Task brief:
Lines before the one containing "vodka online show from December 4, 8:25 am" are not wanted; restate the rest below word for word, through the last line, but drop any pictures.

Brief descriptive captions:
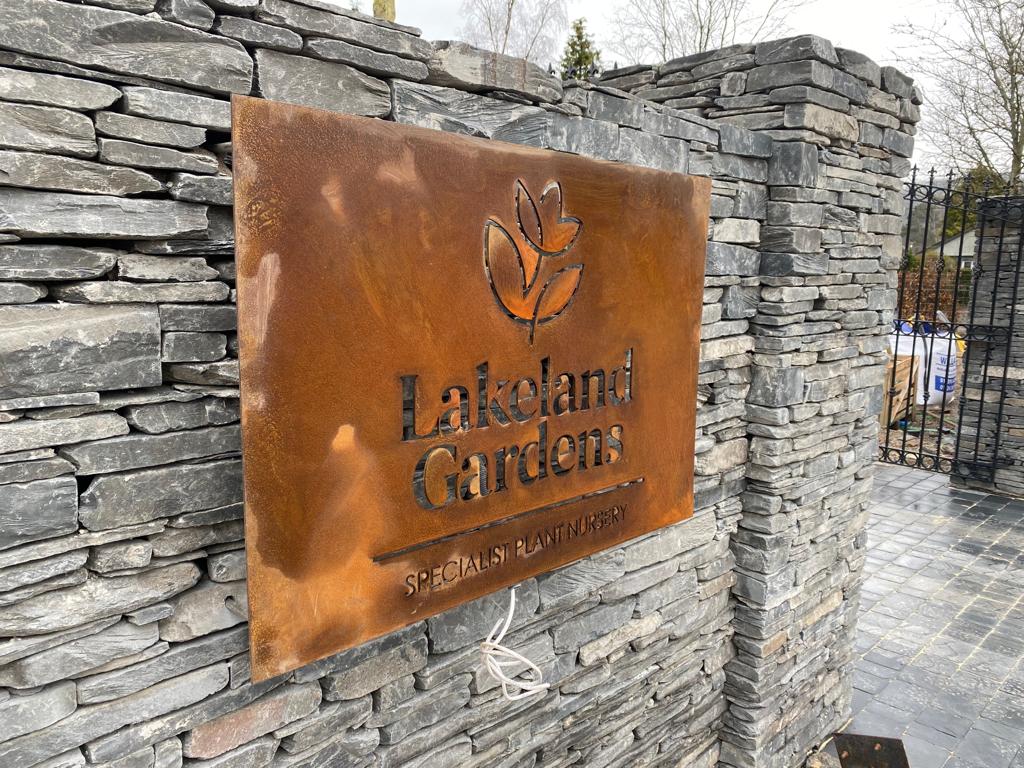 Lakeland Gardens entrance signage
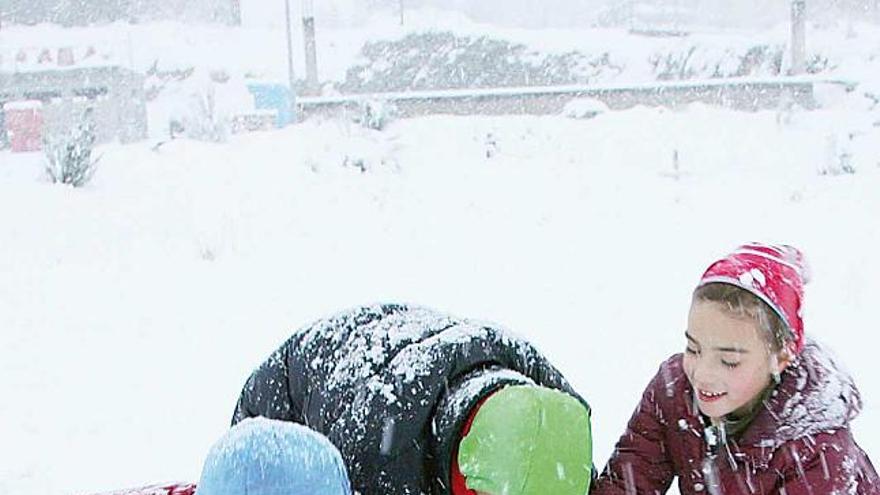 El fuerte temporal de nieve deja sin clases a más de 700 alumnos en la provincia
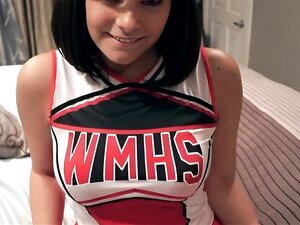 Tauche ein in die ultimative Fantasie mit heißer Cheerleaderin Violet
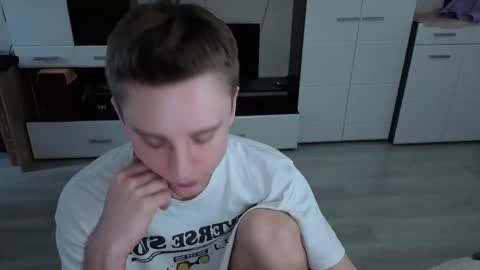 vodka online show from December 4, 8:25 am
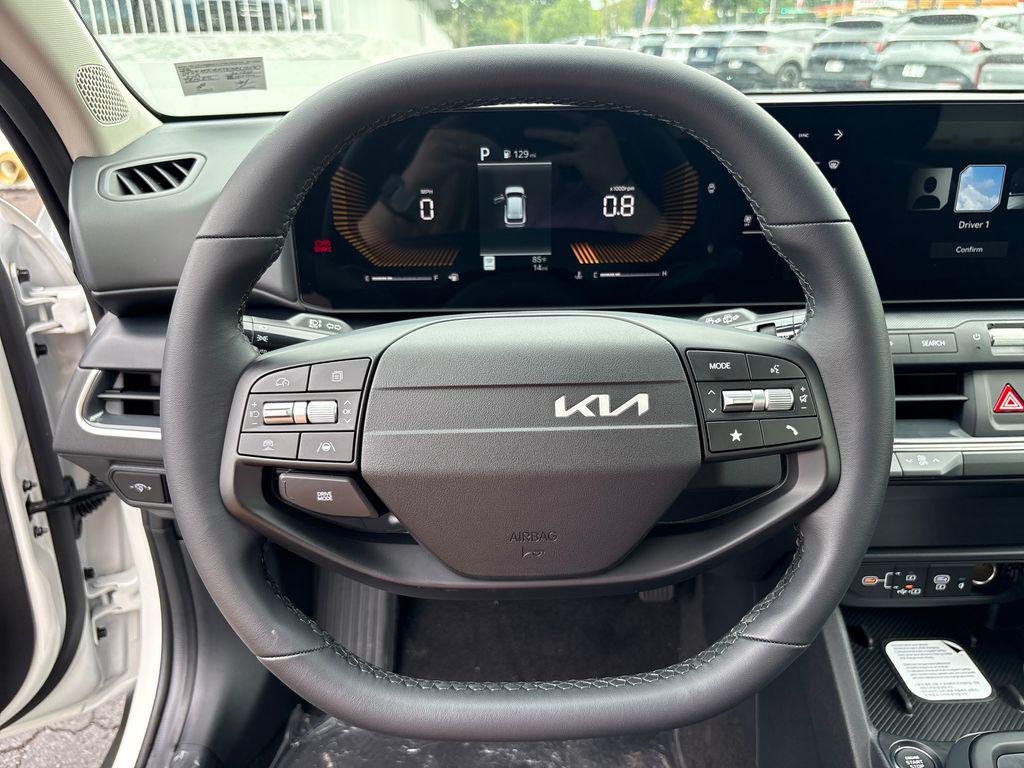 New 2026 Snow White Pearl Kia EX image 16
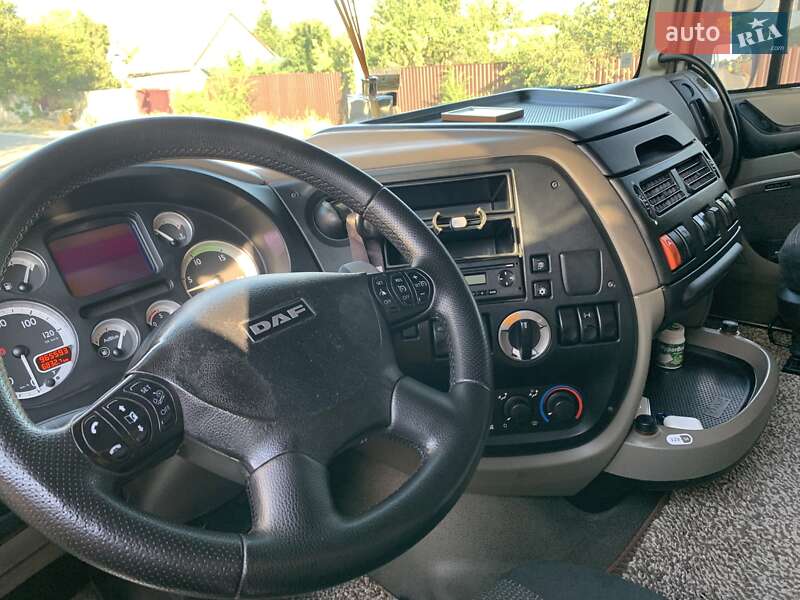 Тягач DAF XF 105 2012 в Запорожье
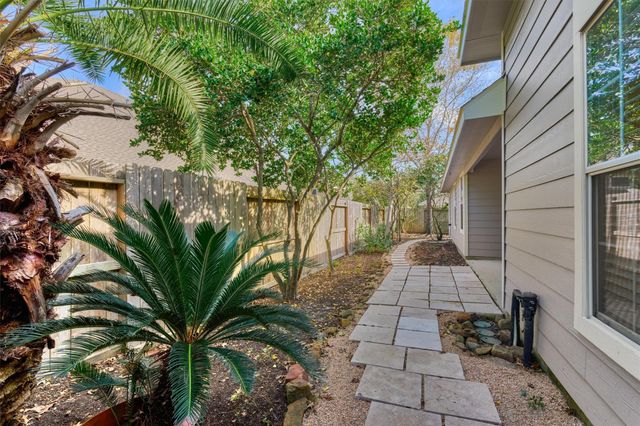 6 Windsor Bridge Drive, Conroe, TX 77384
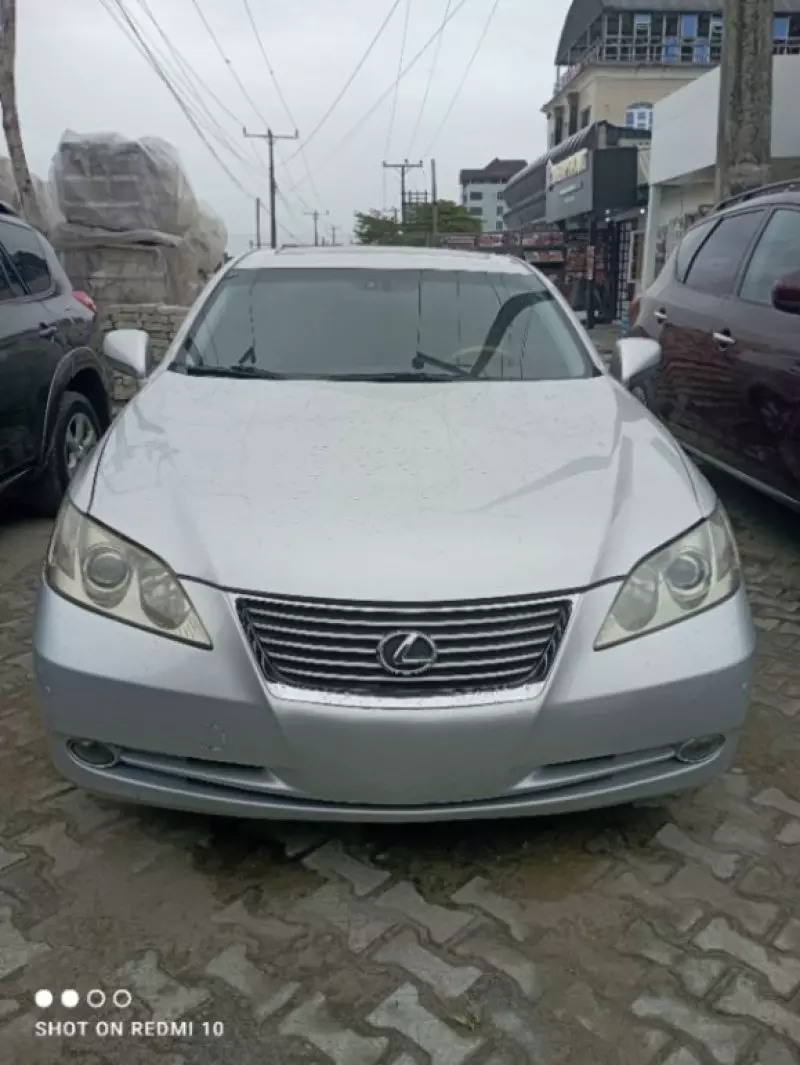 Toyota Lexus RX 350h   - 2009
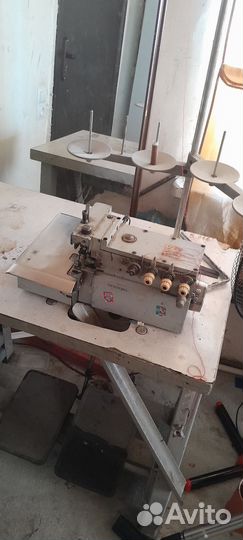 Швейная машинка бу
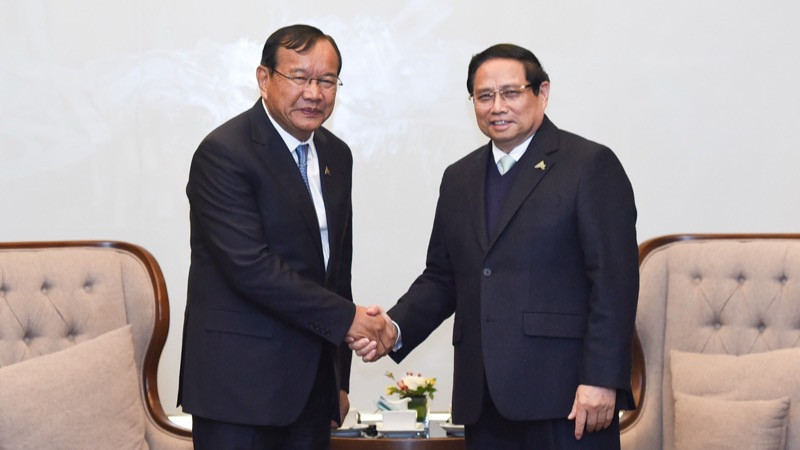 Thủ tướng Chính phủ Phạm Minh Chính với Phó Thủ tướng, Bộ trưởng Ngoại giao và Hợp tác quốc tế Campuchia Prak Sokhonn (Ảnh: TRẦN HẢI).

Answer space:
 vodka online show from December 4, 8:25 am
 New 2026 Snow White Pearl Kia EX image 16
 Тягач DAF XF 105 2012 в Запорожье
 6 Windsor Bridge Drive, Conroe, TX 77384
 Toyota Lexus RX 350h   - 2009
 Швейная машинка бу
 Thủ tướng Chính phủ Phạm Minh Chính với Phó Thủ tướng, Bộ trưởng Ngoại giao và Hợp tác quốc tế Campuchia Prak Sokhonn (Ảnh: TRẦN HẢI).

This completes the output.